Deeper than oil rigs
For a sensible understanding of the intellectual underpinnings of western romancing of the Taliban, therefore, one must excavate deeper than oil rigs: the West's relationship with Islamism has to do with ideas about the world, not just cash. In search of reliable collaborators across the Middle East, colonial states threw their weight behind reactionary tendencies in the 19th and early 20th centuries. Islam was used to legitimise this project.
Led by the enigmatic scholar, Gerhard von Mende, Nazi Germany's Ostminsterium recruited Muslims from Central Asia to aid its fight against the Soviet Union. Ian Johnson's remarkable history, A Mosque in Munich , shows the Central Intelligence Agency recruited many of these ex-Nazis.
The West's Afghanistan policy marks a return to these geostrategic roots —this time founded on the hope that religious-authoritarian regimes will provide a volatile region stability. Its growing engagement with the Muslim Brotherhood in Egypt, its tactical embrace of jihadists in Libya and Syria, its use of the right-wing cleric, Yusuf al-Qaradawi, as a mediator with the Taliban form other parts of this mosaic.
Afghanistan's political parties and political representatives aren't the ones, notably, who will be doing the deal. The Taliban isn't being asked to agree to terms acceptable to other Afghans. Afghanistan's women's organisations or ethnic minorities aren't at the table in Doha.

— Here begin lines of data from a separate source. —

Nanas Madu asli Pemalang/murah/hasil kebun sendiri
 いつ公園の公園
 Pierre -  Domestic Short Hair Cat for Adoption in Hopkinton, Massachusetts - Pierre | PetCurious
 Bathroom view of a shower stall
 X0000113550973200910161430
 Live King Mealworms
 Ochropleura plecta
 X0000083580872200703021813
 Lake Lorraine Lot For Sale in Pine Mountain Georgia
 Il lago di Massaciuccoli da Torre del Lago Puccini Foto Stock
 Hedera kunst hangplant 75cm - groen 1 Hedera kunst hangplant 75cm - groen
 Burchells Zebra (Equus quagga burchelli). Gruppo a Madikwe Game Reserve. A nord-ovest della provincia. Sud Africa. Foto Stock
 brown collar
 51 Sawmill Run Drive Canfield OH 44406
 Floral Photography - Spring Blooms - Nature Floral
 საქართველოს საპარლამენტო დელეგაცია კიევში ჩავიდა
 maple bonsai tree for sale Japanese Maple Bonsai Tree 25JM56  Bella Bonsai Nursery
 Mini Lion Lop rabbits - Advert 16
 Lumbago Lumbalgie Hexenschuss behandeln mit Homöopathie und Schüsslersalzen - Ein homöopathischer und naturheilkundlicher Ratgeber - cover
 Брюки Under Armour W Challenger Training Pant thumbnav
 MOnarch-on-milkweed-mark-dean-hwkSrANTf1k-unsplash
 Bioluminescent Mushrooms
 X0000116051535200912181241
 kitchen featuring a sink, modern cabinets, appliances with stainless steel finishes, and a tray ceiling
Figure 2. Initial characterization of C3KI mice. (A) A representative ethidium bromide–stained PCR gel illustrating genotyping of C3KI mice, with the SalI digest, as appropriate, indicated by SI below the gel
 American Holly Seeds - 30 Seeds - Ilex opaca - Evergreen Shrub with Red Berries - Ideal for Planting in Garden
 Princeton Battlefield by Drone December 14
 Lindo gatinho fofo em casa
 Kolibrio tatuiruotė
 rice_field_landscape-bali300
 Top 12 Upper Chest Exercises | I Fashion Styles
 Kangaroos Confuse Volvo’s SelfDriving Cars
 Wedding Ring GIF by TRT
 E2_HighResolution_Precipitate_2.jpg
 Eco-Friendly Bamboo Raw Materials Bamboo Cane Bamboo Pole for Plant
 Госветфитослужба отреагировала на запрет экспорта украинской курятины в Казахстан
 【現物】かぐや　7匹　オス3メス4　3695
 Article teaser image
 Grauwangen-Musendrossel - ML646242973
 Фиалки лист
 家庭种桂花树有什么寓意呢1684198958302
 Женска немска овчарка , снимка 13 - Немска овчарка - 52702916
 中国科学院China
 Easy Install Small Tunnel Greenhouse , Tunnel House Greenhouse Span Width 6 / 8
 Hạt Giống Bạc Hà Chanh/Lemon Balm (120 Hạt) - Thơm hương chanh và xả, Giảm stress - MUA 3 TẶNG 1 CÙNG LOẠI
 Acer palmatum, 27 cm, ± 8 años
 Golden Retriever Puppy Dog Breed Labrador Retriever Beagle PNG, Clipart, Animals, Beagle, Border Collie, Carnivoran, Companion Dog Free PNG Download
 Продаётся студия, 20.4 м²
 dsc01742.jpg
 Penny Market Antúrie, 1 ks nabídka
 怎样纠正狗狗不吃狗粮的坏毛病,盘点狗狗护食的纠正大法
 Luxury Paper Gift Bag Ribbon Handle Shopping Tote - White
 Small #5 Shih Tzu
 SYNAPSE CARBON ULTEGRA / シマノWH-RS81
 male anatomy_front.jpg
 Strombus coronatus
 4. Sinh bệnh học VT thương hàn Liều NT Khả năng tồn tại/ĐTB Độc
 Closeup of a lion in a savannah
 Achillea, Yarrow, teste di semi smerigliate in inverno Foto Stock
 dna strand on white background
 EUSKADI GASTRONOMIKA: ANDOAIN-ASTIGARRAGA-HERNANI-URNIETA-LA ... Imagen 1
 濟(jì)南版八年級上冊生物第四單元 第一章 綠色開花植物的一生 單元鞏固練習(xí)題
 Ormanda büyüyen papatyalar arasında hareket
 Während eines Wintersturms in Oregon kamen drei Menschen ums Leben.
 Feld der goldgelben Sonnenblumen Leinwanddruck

Last month, Secretary of State Hillary Clinton sought to reassure secular Afghans, promising that her country “intends to stay the course with our friends.” “We will not leave you on your own”, said Germany's Foreign Minister, Guido Westwelle, echoing her words.
Mohan Lal Kashmiri might have had some thoughts on these promises. Those they are directed at in Afghanistan almost certainly do.